What are the documents? Well, like ShareJS, I'd like to support
multiple different kinds of data. We'll need to be able to support
wave's conversation model, but I'd also like to support arbitrary
JSON. Doing OT over arbitrary JSON structures would allow other
applications to be built on top of wave, using wave as a data platform
("Glorious messaging bus in the sky"). It'd also be super useful for
gadgets and user data.

There's three models I can imagine for what wavelets could look like:

Option 1: All documents in the container have a unique name and a
type. This is how ShareJS works. We could have a JSON type and a
wavelet type. This is simple, but not particularly extensible (it
makes it hard to embed JSON inside a conversation, and vice versa).

Option 2: At the root of every document is a JSON object. Leaves in
the JSON structure can be subdocuments, which could be rich text for
blips, or any other type we think of down the road.

Option 3: We make another layer, which can contain a set of documents.
So, a wavelet could contain a JSON document describing the
conversation structure, some rich text documents for blips and another
JSON document containing gadget data or something. Access control
rules are at the container level. This is (sort of) how wavelets work
today.

The OT itself I imagine building along the lines of Torben Weis's P2P
OT theory that he made in Lightwave:
https://code.google.com/p/lightwave/ . Briefly, every operation gets a
hash (like git).
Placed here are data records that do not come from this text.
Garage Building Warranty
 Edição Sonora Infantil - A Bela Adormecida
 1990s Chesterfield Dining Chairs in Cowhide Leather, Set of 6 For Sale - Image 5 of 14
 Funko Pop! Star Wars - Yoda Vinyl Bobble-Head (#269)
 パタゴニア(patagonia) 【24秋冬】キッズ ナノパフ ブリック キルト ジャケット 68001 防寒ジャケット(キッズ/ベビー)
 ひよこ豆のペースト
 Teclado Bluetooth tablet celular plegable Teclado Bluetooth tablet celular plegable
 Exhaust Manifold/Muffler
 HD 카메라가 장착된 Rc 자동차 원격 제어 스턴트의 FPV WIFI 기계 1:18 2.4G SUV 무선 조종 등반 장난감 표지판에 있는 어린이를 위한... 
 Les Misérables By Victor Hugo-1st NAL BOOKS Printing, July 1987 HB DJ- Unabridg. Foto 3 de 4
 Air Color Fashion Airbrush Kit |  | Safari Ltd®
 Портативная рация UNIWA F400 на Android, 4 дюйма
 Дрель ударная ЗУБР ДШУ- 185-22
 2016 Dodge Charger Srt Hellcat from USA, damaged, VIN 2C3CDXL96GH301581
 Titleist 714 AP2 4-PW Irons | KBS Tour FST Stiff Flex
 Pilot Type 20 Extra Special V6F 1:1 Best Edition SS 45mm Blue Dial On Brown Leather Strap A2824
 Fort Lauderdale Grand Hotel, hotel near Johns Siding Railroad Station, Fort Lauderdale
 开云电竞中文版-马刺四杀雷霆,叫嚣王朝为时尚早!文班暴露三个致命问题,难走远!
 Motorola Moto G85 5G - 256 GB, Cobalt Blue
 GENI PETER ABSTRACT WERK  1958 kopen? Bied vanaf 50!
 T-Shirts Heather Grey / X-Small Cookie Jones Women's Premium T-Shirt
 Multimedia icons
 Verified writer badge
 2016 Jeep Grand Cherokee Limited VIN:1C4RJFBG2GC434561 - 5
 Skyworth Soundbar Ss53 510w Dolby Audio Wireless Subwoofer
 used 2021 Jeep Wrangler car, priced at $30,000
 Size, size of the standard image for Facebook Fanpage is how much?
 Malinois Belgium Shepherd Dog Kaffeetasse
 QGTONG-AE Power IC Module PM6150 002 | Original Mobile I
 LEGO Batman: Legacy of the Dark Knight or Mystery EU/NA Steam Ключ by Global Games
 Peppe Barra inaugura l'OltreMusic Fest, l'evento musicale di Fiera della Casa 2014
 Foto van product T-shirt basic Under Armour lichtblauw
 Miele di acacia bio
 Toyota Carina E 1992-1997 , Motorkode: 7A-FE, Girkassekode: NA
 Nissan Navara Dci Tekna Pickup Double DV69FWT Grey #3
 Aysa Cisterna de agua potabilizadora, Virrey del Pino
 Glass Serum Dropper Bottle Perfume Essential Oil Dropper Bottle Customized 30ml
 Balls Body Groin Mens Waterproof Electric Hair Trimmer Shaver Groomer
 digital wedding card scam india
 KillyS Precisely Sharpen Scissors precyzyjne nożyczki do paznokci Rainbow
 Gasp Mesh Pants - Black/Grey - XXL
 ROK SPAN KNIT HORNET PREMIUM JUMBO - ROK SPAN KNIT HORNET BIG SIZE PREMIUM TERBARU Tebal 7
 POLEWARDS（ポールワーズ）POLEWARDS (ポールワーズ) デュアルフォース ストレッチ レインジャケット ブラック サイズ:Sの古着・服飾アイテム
We add tombstones to wave's OT type and remove
invertability, so the transform function supports TP2. We also add a
prune function (inverse transform) which allows the history list to be
reordered (so you don't have to transform out on every site). The hard
part is figuring out which operations to sync, and which operations
need to be reordered. I'd like to go over the details with Michael
MacFadden and anyone else who's interested - there may well be a
better system that we should use instead. If there is, I'd like to
know about it now.


Once thats built, we can start integrating it into WIAB. The simplest
way to do the client-server protocol and federation will be to simply
reuse the container's protocol (obviously wrapped for access control).
We could also strip it down for pure client-server interaction if we
want, to make it less chatty. (If we decide thats worthwhile.)

I'm also thinking about full end-to-end encryption. Especially in the
wake of the PRISM stuff, I'd quite like to make something secure.
Snowden: "Encryption works. Properly implemented strong crypto systems
are one of the few things that you can rely on. Unfortunately,
endpoint security is so terrifically weak that NSA can frequently find
ways around it." --
http://www.guardian.co.uk/world/2013/jun/17/edward-snowden-nsa-files-whistleblower
.


All of this should happen in the experiments branch (with a mirror on github).

The design decisions that we make here will be really hard to change
later, so I'd like to get this right. I'd like as much feedback as
possible. But please restrain yourself from complaining that its too
much work. You're not the boss of me :D

Also, I expect the core OT piece to be no longer than a few thousand
lines. We can definitely pull that off - its just figuring out what
those lines are thats the tricky part.